An in vitro study of new antiepileptic drugs and astrocytes

Purpose: The aim of our research was to study some biochemical modifications elicited in primary rat astrocyte cultures by treatment with gabapentin (GBP), carbamazepine (CBZ), lamotrigine (LTG), topiramate (TPM), oxcarbazepine (OXC), tiagabine (TGB), and levetiracetam (LEV), commonly used in the treatment of epilepsy. We investigated the biologic effects of these anticonvulsants (AEDs) at concentrations of 1, 10, 50, and 100 μg/ml. Methods: The study was performed by examining cell viability (MTT assay), cell toxicity [lactate dehydrogenase (LDH) release in the medium], glutamine synthetase (GS) activity, reactive oxygen species (ROS) production, lipoperoxidation level (malondialdehyde; MDA), and DNA fragmentation (COMET assay).

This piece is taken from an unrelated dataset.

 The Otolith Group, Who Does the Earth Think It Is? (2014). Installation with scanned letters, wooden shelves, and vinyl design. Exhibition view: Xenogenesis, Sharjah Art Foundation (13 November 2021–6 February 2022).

The level of the expression of 70-kDa heat-shock protein (HSP70) and inducible nitric oxide synthase (iNOS) as oxidative stress-modulated genes also was determined. Results: Our experiments indicate that CBZ, TPM, and OXC induce stress on astrocytes at all concentrations. GBP, LTG, TGB, and LEV, at low concentrations, do not significantly change the metabolic activities examined and do not demonstrate toxic actions on astrocytes. They do so at higher concentrations. Conclusions: Most AEDs have effects on glial cells and, when used at an appropriate cell-specific concentrations, may be well tolerated by cortical astrocytes. However, at higher concentrations, GBP, LTG, TGB, and LEV seem to be better tolerated than are CBZ, TPM, and OXC. These findings may reveal novel ways of producing large numbers of new AEDs capable of reducing the extent of inflammation, neuronal damage, and death under pathological conditions such as epilepsy and/or traumatic brain injury.